Nunca nos sentimos cuidados, vivemos com o peso do mundo nas nossas costas, e agora temos um ser pequenino para cuidar?? Primeiro acusamos o peso da responsabilidade e, com o passar dos anos, acreditamos que os nossos filhos são responsáveis pelo nosso sofrimento. “Se ao menos ele se portasse bem, gostasse da escola, fosse bom aluno, me escutasse, respeitasse o que eu digo… e podia passar mil anos a dar exemplos”.

Mas antes da paternidade ou maternidade a natureza, sábia como mais ninguém, dá-nos uma oportunidade de curar as nossas feridas, de completarmos o que ficou inacabado, de amadurecermos o que ainda é imaturo: e ela chega através dos relacionamentos íntimos.

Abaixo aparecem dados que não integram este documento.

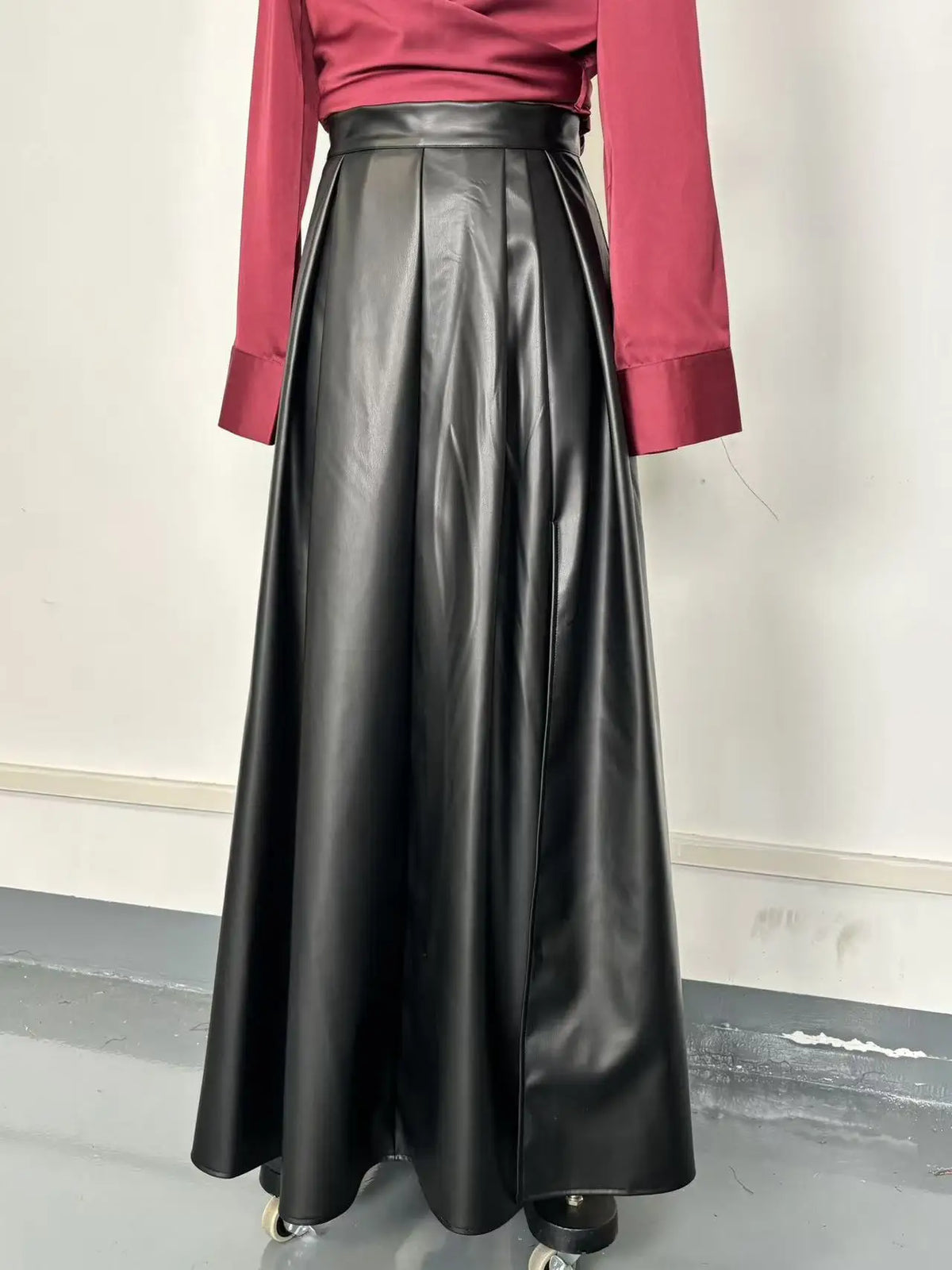 PU Leather Skirt New Style Fashion Large Slit Leather Skirt Mid-length Irregular Long Skirt Autumn Black Casual Holiday Skirts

Por isso o meu desafio: e se a luta que é o teu relacionamento é o indicador mais preciso que estás na relação certa?

Pois é, eu acredito que sim. Os relacionamentos são uma segunda oportunidade de crescermos, de olharmos para o nosso interior e percebermos que defesas levantamos, que feridas não curamos, que criança pequena ainda não se sente verdadeiramente amada.

E quando os nossos muros caiem e os nossos sentimentos renegados voltam para casa tal filho pródigo, então a prisão quebra-se em mil pedaços. E finalmente percebemos o que é ser cuidador. E finalmente somos capazes de nos sentir cuidados. E finalmente aprendemos a dançar.

E nesse momento podemos escolher ficar com a pessoa que nos ajudou a crescer, ou não. Mas aí a decisão será clara e tomada em corpo e mente de adulto, e não com base na criança interior que grita “vou-te rejeitar antes que me rejeites a mim. Xau, já fui!”